Nosso fascínio pelo desafio nos faz ignorar o risco da queda e alçar voos bem mais audaciosos. Durante a infância colecionamos um número razoável de encontros com o chão. E com isso, vamos ficando íntimos dele; vamos aprendendo jeitos de nos proteger ou de cair com mais propriedade, se é que isso é possível. Aprendemos a nos equilibrar em duas rodas; em quatro rodinhas menores; sobre lâminas que riscam o gelo; sobre troncos, vigas ou cordas. Alguns de nós descobre uma paixão inexplicável por altura; e toma gosto por se lançar, despencar, tentar voar.

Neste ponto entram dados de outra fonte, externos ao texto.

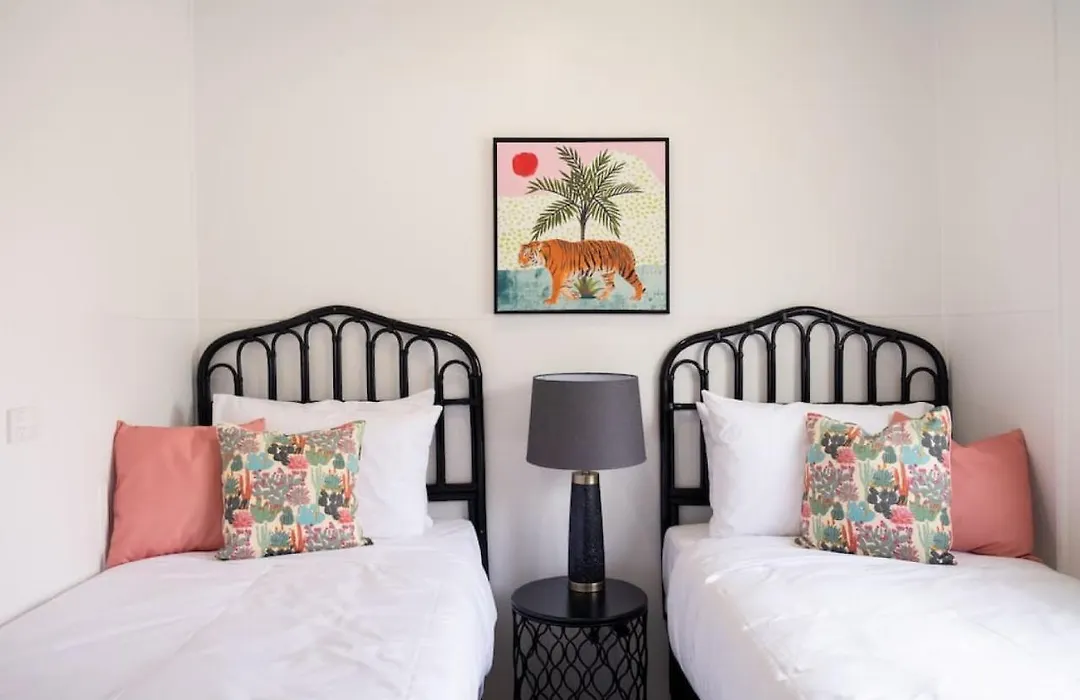 Tropicana Bungalow - Retro Getaway-1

O que talvez, não nos demos conta é que esses quase sempre inocentes acidentes de percurso compõem uma espécie de treinamento para outras quedas, menos impactantes aos olhos do mundo, mas muito mais transformadoras para nós mesmos. Quem de nós terá chegado até esse momento sem experimentar aqueles tombos silenciosos e secretos, nenhuma testemunha. Os tombos morais que levamos sozinhos, sem que haja ninguém para nos socorrer ou julgar são os que mais exercem poder e força para moldar o nosso caráter e definir como e qual será a nossa relação com as situações de sucesso, fracasso ou mediocridade.

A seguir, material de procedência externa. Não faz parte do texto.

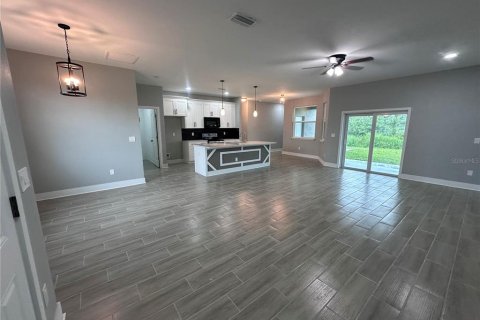 Casa en alquiler en Port Charlotte, Florida, 4 dormitorios, 176.51 m2 № 1907216 - foto 4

Cair sozinho é inevitável, levantar sozinho é altamente educativo. Nos confere a capacidade de aprender a chorar se doer demais; pedir e aceitar ajuda ou abrir mão dela; secar as lágrimas no tempo terapêutico; rir das tragédias inevitáveis; recolher a lição e seguir adiante. A única opção que não temos é desistir de levantar. Pode ser que umas vezes tenhamos de empreender algum esforço mais determinado, obstinado até, para nos mantermos erguidos e escapar de escorregar de volta ao chão. Mas, sejamos vítimas de um arranhão ou de uma fratura exposta, a vida segue urgente e não irá fazer parar os ponteiros do tempo, esperando que arranjemos coragem para nos reerguer. E, dentro de nós, sempre haverá um pequeno messias, uma voz de autoridade amorosa, tecida de nossas inúmeras experiências de gozo ou tristeza que fará brotar em nosso peito a inequívoca decisão de levantar e assumir a vida; porque esperar caído uma solução não é escolha, é abrir mão dela, do direito a ela.